Solomon walked up to the piano in the middle of the show. He didn’t tell a knock-knock joke, dance to a Taylor Swift song, or do a magic trick. Instead, he bust into a seven-minute rendition of La Campanella. Perhaps the song was lost on his audience, but I was mesmerized.
***
“I’m sick of not being challenged in Math!” Solomon howled at me a few months ago.
We were discussing his math options in middle school. It didn’t make sense to me for him to take a high school math class when he was in sixth grade. Sure, the content would be more challenging. But it wouldn’t really open up any other pathways than the advanced option his teacher suggested we sign him up for.
“I hate school! It is boring! I am never challenged,” I let him unload on me. He was so frustrated.
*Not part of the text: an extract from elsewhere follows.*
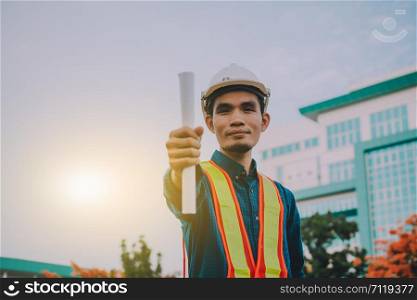Engineer holding paper factory plant background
I remember being frustrated in school. Particularly, after we moved. First, I left Horace Mann Elementary in Highland Park to attend Shirley Hills Middle School near Lake Minnetonka. Next, I was at Chippewa Middle School Arden Hills. I found myself in a regular 6th grade math class. I was bored out of my mind. And I spent most of middle school being bored out of my mind. My grades dropped, my interest in school become mostly social (or anti-social), and I coasted. This lasted until 11th grade when I discovered I wanted to follow my high-school girlfriend to college. I put my shoulder to the wheel and graduated with a 2.1 GPA. Talk about talented and gifted.
I don’t know if I was talented or gifted as a child. My career as a teacher taught me that most human beings are talented and gifted. My work also taught me that labels in schools often disguise tracking that is more about identity than ability. But don’t say what I just wrote too loudly in the United States right now. You might have your funding revoked like Harvard or be deported like so many of the international students I know. This moment is so stupid. Idiocracy unleashed.
I don’t know if Solomon is talented or gifted. He certainly has talents and gifts. I’m sure I do too. I went on to become a teacher and finish my PhD. I don’t know what Solomon will go on to do. He might be a musician, a mathematician, or something entirely else. I do know that I empathize with my son. I wish I were challenged when I was a kid. I’m glad Solomon challenges himself with seven-minute piano songs and Math workbooks. I wonder what all of that challenging will lead to?
***
Solomon is Solomon. He isn’t his father or mother. And he isn’t his peers. I’ve spent most of my time as his dad being surprised by the things he says and does. By the way he is. If I know anything about parenting – and I don’t – it is that our children rarely become what we imagine they will become. Or even what we want them to become. But they become all the same. And Solomon, as he approaches middle school, is becoming what Solomon is becoming.
It is important for me to remind myself how beautiful Solomon’s becoming is. Regardless of the labels anybody (or any institution) might put on my child, he is moving the way that he moves and I am honored to watch him move. To offer what I can to help that movement, even though I suspect that his willful adolescence will start to shut me out as middle school approaches. Here is some documentation of all that becoming. This is a picture of Solomon accepting a leadership award at the Englert in Iowa City a few weeks ago:

Solomon’s becoming makes me think that it is also important for me to remind myself how beautiful my own becoming is. Regardless of the labels anybody (or any institution) might put on me, I am moving the way that I move. And I’m open to where all that movement might take me. Radically so. And I’m glad that I’m at that place now. This place. Moving, becoming, and giving up my talents and gifts with the faith that there are good things ahead.